Après des mois ponctués de rumeurs et de propos négatifs à l’égard des IUFM, Luc Ferry a présenté ses orientations concernant la réforme de la formation des maîtres au conseil des ministres du 9 avril. Une fois de plus, le ministre a esquivé les débats de fond avec les organisations syndicales, ne concevant la « concerta-tion » que comme un accompagnement technique des décisions prises.
Les mesures envisagées par Luc Ferry sont affligeantes. Elles procèdent d’une vision du métier d’enseignant se réduisant à la seule maîtrise disciplinaire et à l’application scrupuleuse des programmes. Pour mettre en œuvre cette conception rétrograde du métier d’enseignant, Luc Ferry propose plusieurs mesures :
-  centrer les contenus des concours et de la formation initiale sur les programmes scolaires ;
-  allonger les périodes de stages en 2e année d’IUFM ;
-  transférer une partie de la formation aux écoles et établissements ;
-  réduire la formation continue à l’actualisation des connaissances disciplinaires.

Économiser, mettre au pas

À l’approche de fortes tensions dans le domaine du recrutement, il faut comprendre la volonté d’allonger la durée des périodes de stages comme une mesure dictée uniquement par le souci d’économiser des moyens au détriment de la formation.
Sous prétexte de vouloir resserrer les liens entre les universités, les rectorats et les IUFM, ces derniers en ressortiront ligotés et baillonnés.
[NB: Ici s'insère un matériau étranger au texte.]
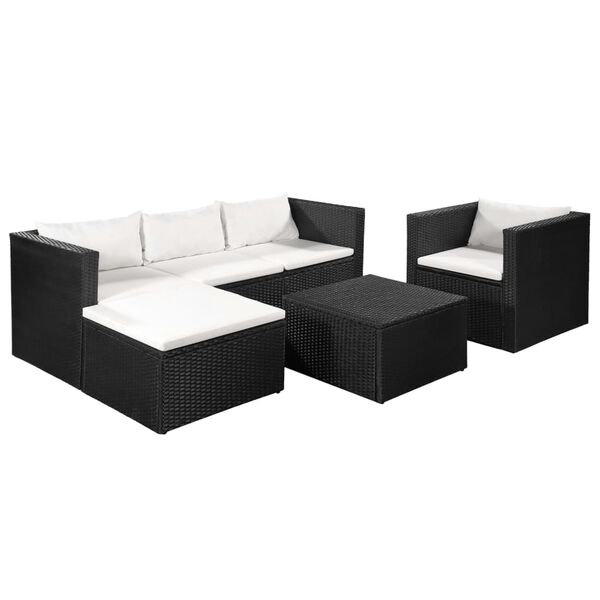 vidaXL 4-tlg. Garten-Lounge-Set Poly Rattan Schwarz und Wei&szlig;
La création des IUFM, il y a 12 ans, avait suscité de fortes oppositions qui n’ont jamais désarmé.
C’est une conception réactionnaire de l’école et du métier d’enseignant qui est en filigrane . Dans les projets ministériels, il n’est fait aucune référence explicite ni aux valeurs fondatrices de l’École, ni à une conception du métier d’enseignant prenant en compte les évolutions actuelles. C’est bien la loi d’orientation de 1989 qui constitue le « cœur de cible » des projets de Luc Ferry.
Les IUFM ont pour ambition de former dans un même lieu les futurs enseignants des écoles, des collèges, des lycées et lycées professionnels, les futurs personnels d’éducation. Ce lieu unique est un établissement universitaire articulant formation théorique et pratique. En perspective se dessinait un projet d’évolution du métier d’enseignant centré sur son unité, tout en prenant en compte les spécificités d’exercice.
Certes, les IUFM n’ont pas encore atteint ces objectifs et sont l’objet de critiques qui ont déjà été prises en compte dans bon nombre de projets d’établissements. Mais ce constat conduit le Sgen-CFDT à exiger une véritable formation d’adultes professionnelle, en alternance et universitaire. C’est d’une réforme de la formation et non d’une contre réforme que l’École a besoin.